* [What this task involves]: With the pictures removed, write out the data below exactly.

(Stored dataset items)
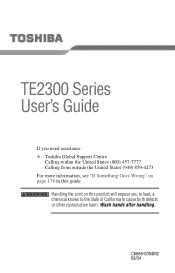 Toshiba Tecra TE2300 User Guide
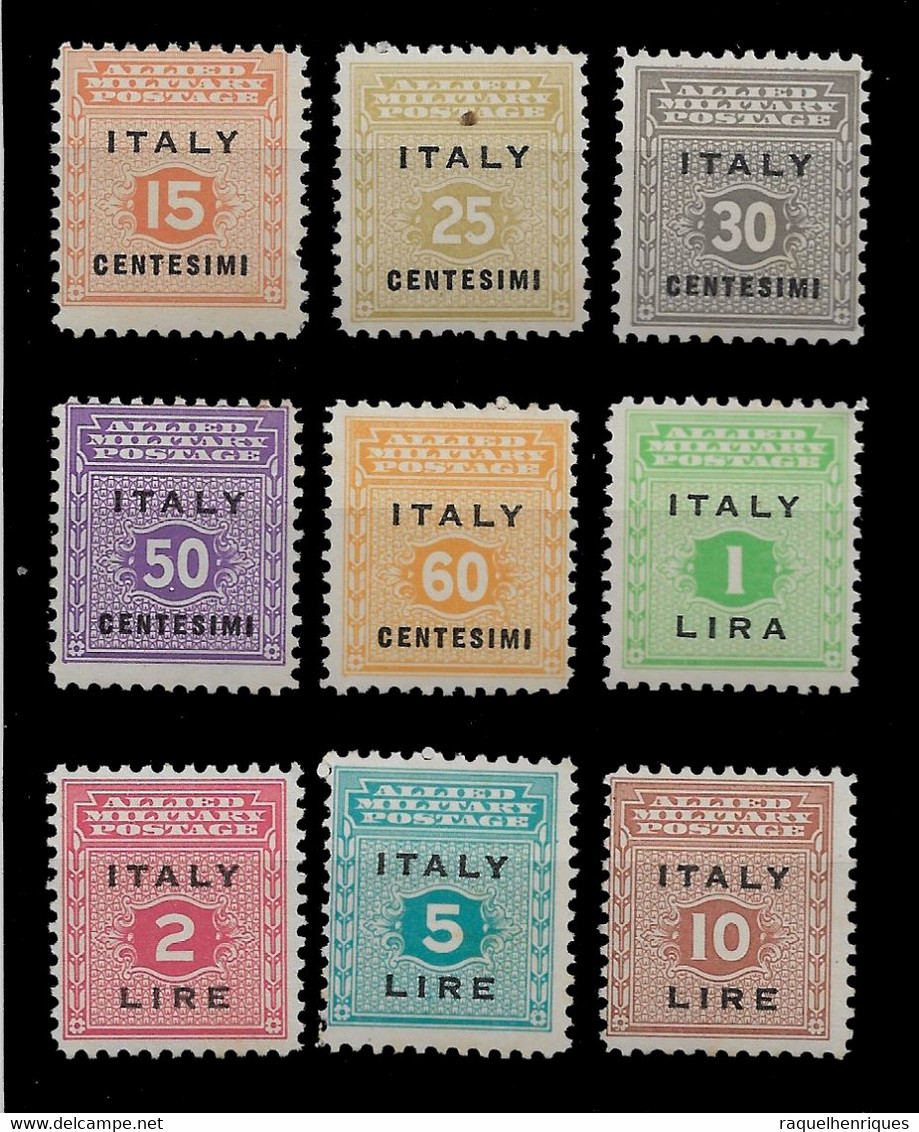 ITALY STAMPS - AMG Sicily - 1943 Allied Military Postage Ovp. SET MNH (BA5#351) - Occ. Anglo-américaine: Naples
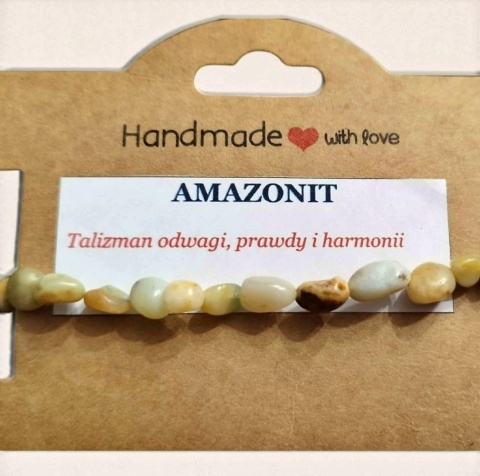 Bransoletka z amazonitem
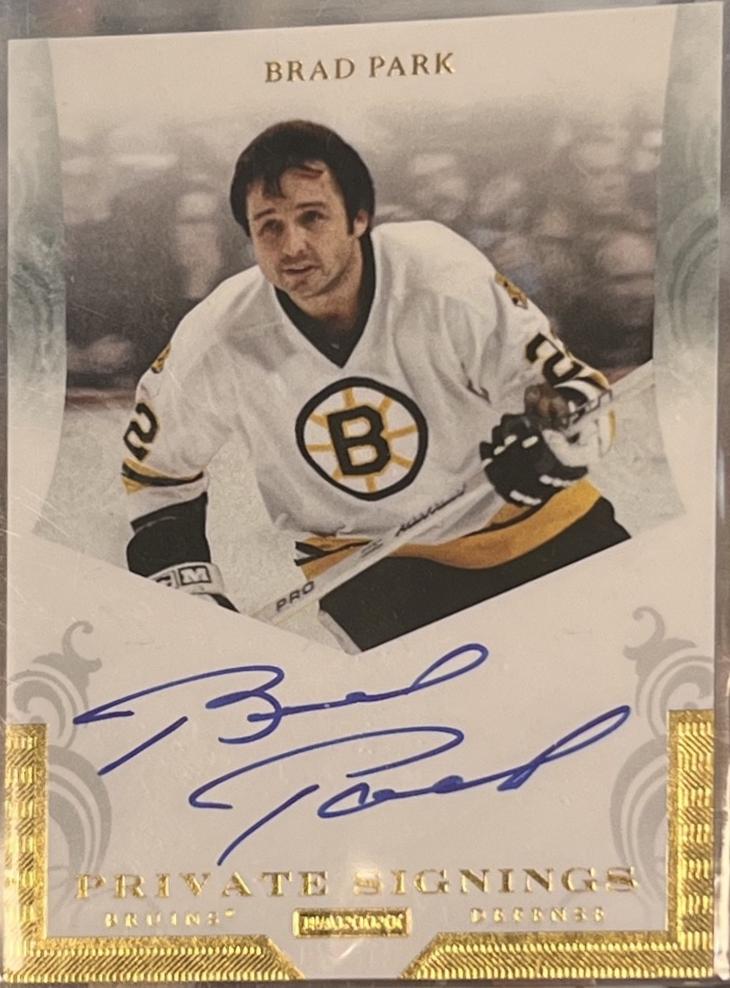 Brad Park #BP1 2011-12 Panini Pinnacle Hockey Private Signings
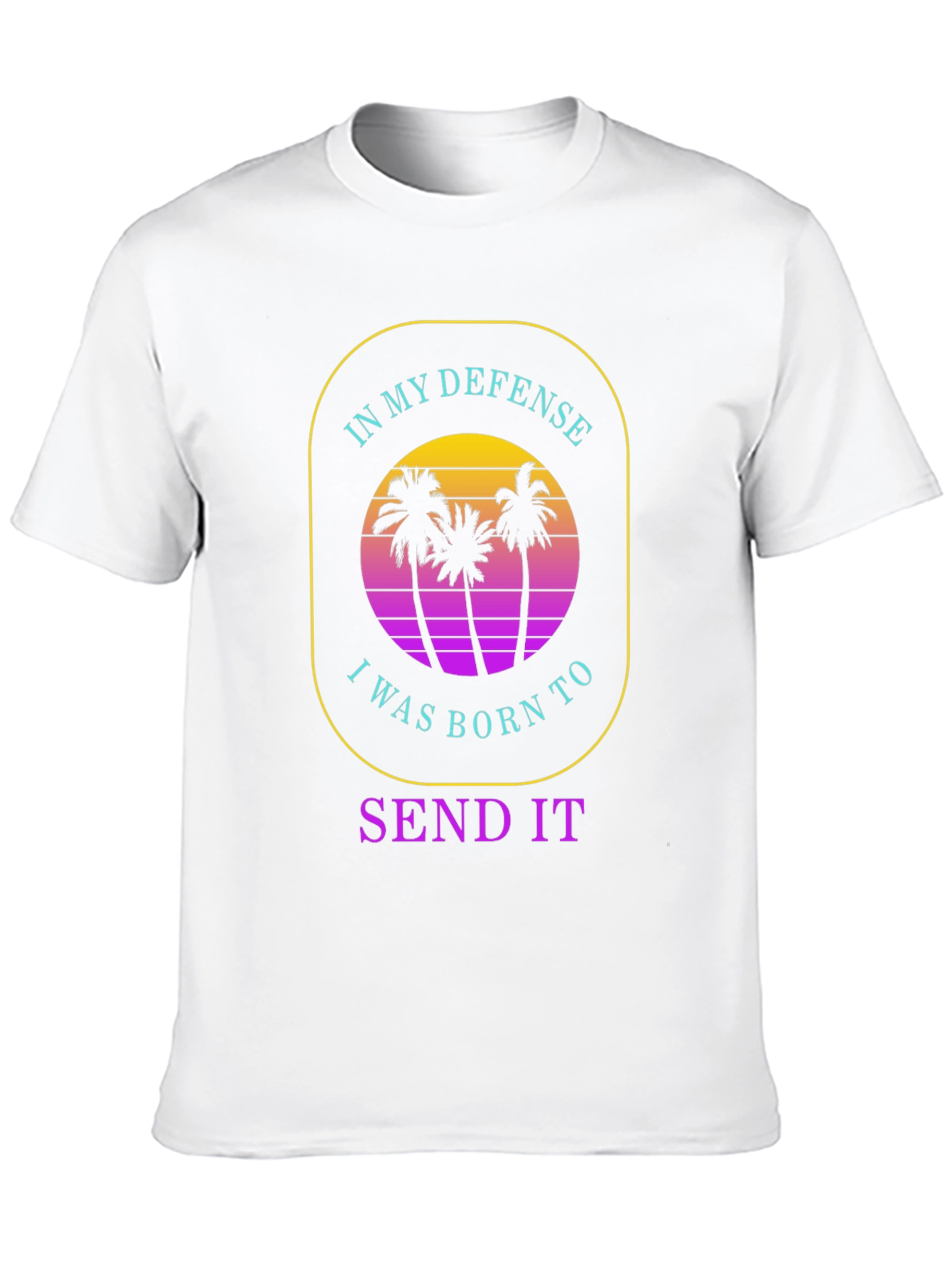 Black In My Defense I Was Born To Send It T-Shirt view 10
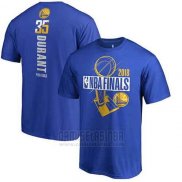Camiseta Manga Corta Kevin Durant Golden State Warriors Azul 2018 NBA Finals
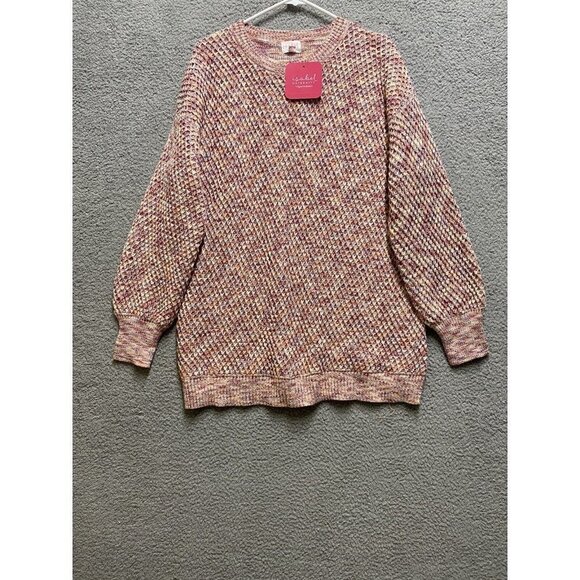 Isabel Maternity by Ingrid & Isabel Pink Multi-Color Sweater Size Large New - Picture 1 of 8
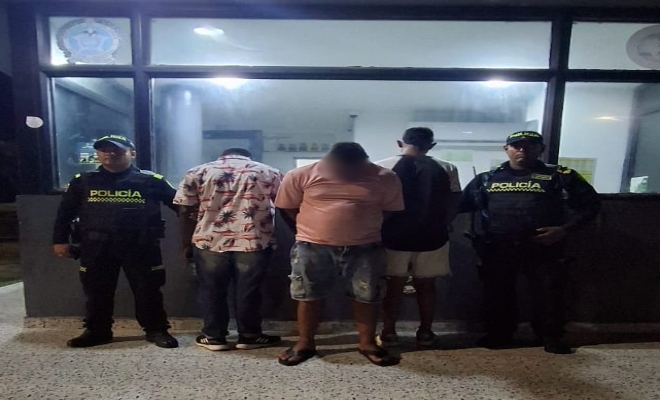 Un capturado y dos adolescentes aprehendidos por el delito de hurto
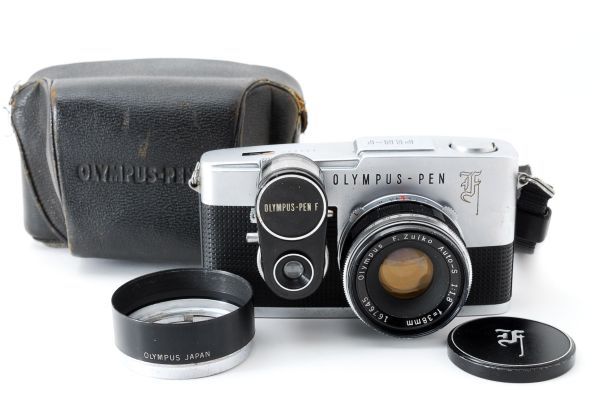 Olympus Pen F 露出計 F.Zuiko 38mm f1.8 ズイコーレンズ フード 花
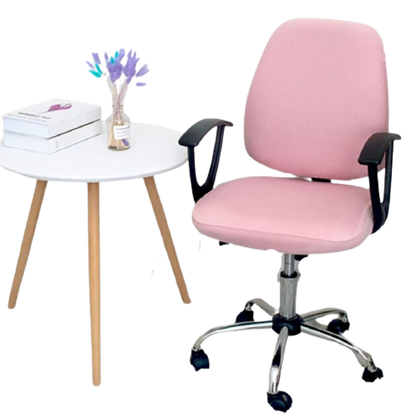 Housse de chaise de bureau <br> Rose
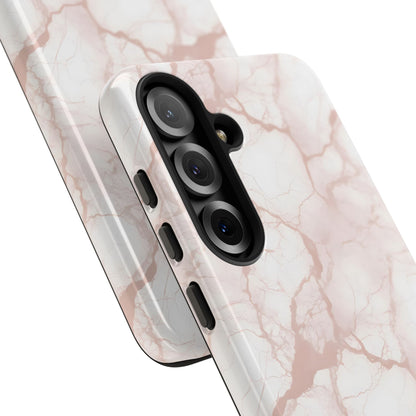 Marble Opulence in Neutral Beige - Tough Phone Case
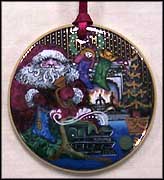 1993 Santa's Gifts, Bing & Grondahl Santa Claus Ornament MAIN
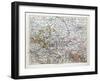 Map of Sachsen-Anhalt Sachsen Saxony Germany 1899-null-Framed Giclee Print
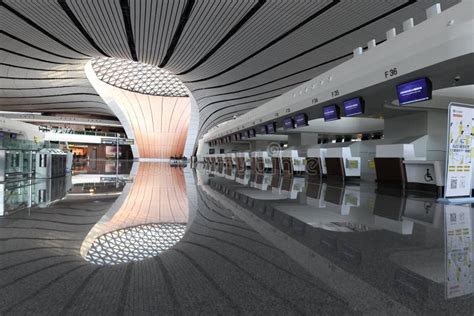 Architecture Of Terminal Building Of Daxing International Airport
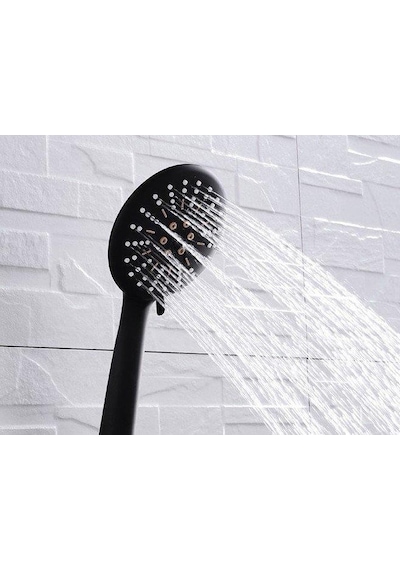 Duş Başlığı Siyah 3 Fonksiyonlu Slim Duş Başlığı Diğer Duş Başlığı Siyah 3 Fonksiyonlu Slim Duş Başlığı Diğer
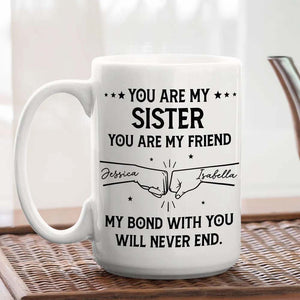 Bond With Brothers Sisters Siblings - Personalized Custom Coffee Mug Family Gift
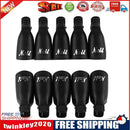 10pcs Plastic Nail Art Soak Off Cap Clip UV Gel Polish Remover Tool (Black)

* [Exercise answer]:
 Toshiba Tecra TE2300 User Guide
 ITALY STAMPS - AMG Sicily - 1943 Allied Military Postage Ovp. SET MNH (BA5#351) - Occ. Anglo-américaine: Naples
 Bransoletka z amazonitem
 Brad Park #BP1 2011-12 Panini Pinnacle Hockey Private Signings
 Black In My Defense I Was Born To Send It T-Shirt view 10
Camiseta Manga Corta Kevin Durant Golden State Warriors Azul 2018 NBA Finals
 Isabel Maternity by Ingrid & Isabel Pink Multi-Color Sweater Size Large New - Picture 1 of 8
 Un capturado y dos adolescentes aprehendidos por el delito de hurto
 Olympus Pen F 露出計 F.Zuiko 38mm f1.8 ズイコーレンズ フード 花
 Housse de chaise de bureau <br> Rose
 Marble Opulence in Neutral Beige - Tough Phone Case
 1993 Santa's Gifts, Bing & Grondahl Santa Claus Ornament MAIN
 Map of Sachsen-Anhalt Sachsen Saxony Germany 1899-null-Framed Giclee Print
 Architecture Of Terminal Building Of Daxing International Airport
 Duş Başlığı Siyah 3 Fonksiyonlu Slim Duş Başlığı Diğer Duş Başlığı Siyah 3 Fonksiyonlu Slim Duş Başlığı Diğer
 Bond With Brothers Sisters Siblings - Personalized Custom Coffee Mug Family Gift
 10pcs Plastic Nail Art Soak Off Cap Clip UV Gel Polish Remover Tool (Black)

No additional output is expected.